Gradient Boosted Decision Trees for High Dimensional Sparse Output

Authors: Si Si, Huan Zhang, S. Sathiya Keerthi, Dhruv Mahajan, Inderjit S. Dhillon, Cho-Jui Hsieh

ICML 2017 | Conference PDF | Archive PDF | Plain Text | LLM Run Details

Reproducibility Variable Result LLM Response
Research Type Experimental Finally, we apply our algorithm to extreme multilabel classification problems, and show that the proposed GBDT-SPARSE achieves an order of magnitude improvements in model size and prediction time over existing methods, while yielding similar performance.
Researcher Affiliation Collaboration 1Google Research, Mountain View, USA 2University of California at Davis, Davis, USA 3Microsoft, Mountain View, USA 4Facebook, Menlo Park, USA 5University of Texas at Austin, Austin, USA.
Pseudocode Yes Algorithm 1: GBDT-SPARSE tree node splitting algorithm
Open Source Code No The paper refers to a link for Light GBM, a baseline method ('https://github.com/Microsoft/LightGBM'), but does not provide a link or statement about the availability of their own GBDT-SPARSE code.
Open Datasets Yes Data: We conducted experiments on 5 standard and publicly available multi-label learning datasets.3 Table 2 shows the associated details. NUS-WIDE is available at http://lms.comp.nus.edu.sg/ research/NUS-WIDE.htm. All other datasets are available at http://manikvarma.org/downloads/XC/XMLRepository.html.
Dataset Splits No The paper mentions 'training samples' and 'testing samples' in Table 2, but does not explicitly define a 'validation' dataset split or describe the methodology for creating such a split.

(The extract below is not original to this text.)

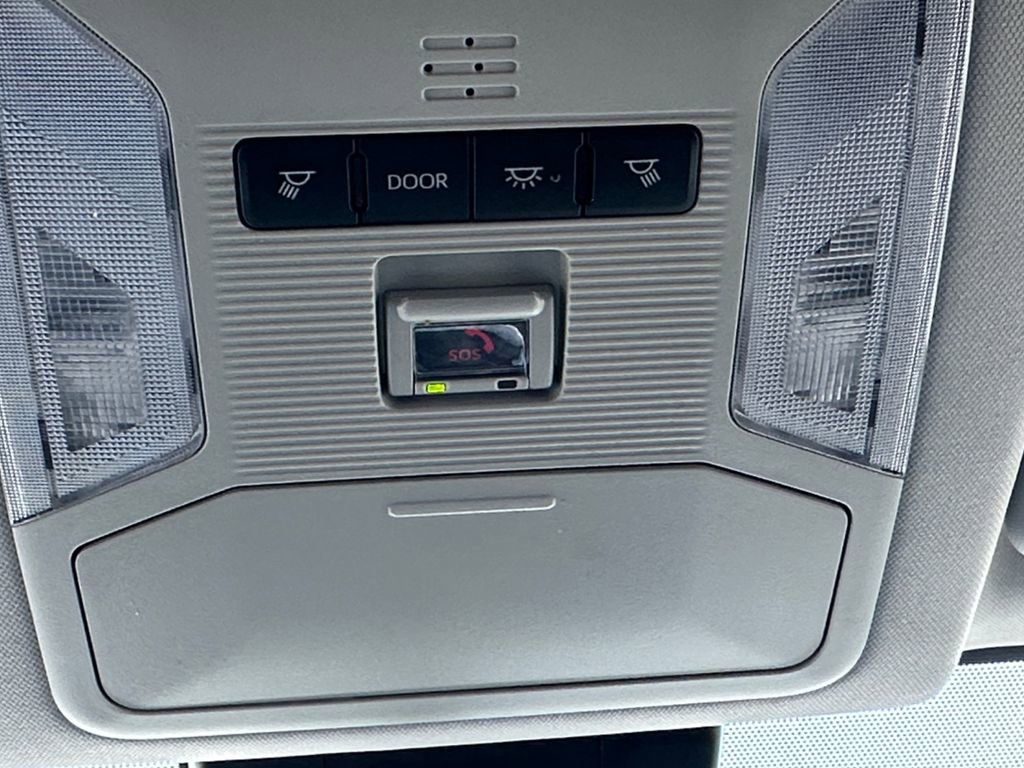 Used 2024 Toyota RAV4 LE AWD/4WD image 19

Hardware Specification Yes All experiments are conducted on a machine with an Intel Xeon X5440 2.83GHz CPU and 32GB RAM. For PD-Sparse we use a similar machine with 192GB memory due to its large memory footprint. We run our algorithm with Delicious-200K on a 28-core dual socket E5-2683v3 machine
Software Dependencies No The paper mentions various baselines like XGBoost, Light GBM, LEML, FASTXML, SLEEC, and PD-SPARSE, stating they used 'their highly optimized C++ implementation published along with the original papers,' but does not provide specific version numbers for any software, including their own.

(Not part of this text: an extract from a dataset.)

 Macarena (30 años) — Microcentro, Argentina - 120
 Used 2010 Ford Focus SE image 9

Experiment Setup Yes For our method, we kept most of the parameters fixed for all the datasets: hmax = 10, nleaf = 100, and, λ = 5, where hmax and nleaf are the maximum level of the tree and the minimal number of data points in each leaf. Leaf node sparsity k was set to 100 for Delicious-200K and 20 for all others. This parameter can be very intuitively set as an increasing function of label set size. We hand tuned the projection dimensionality d and set it to 100 for Delicious and Wiki10-31K, and 50 for others.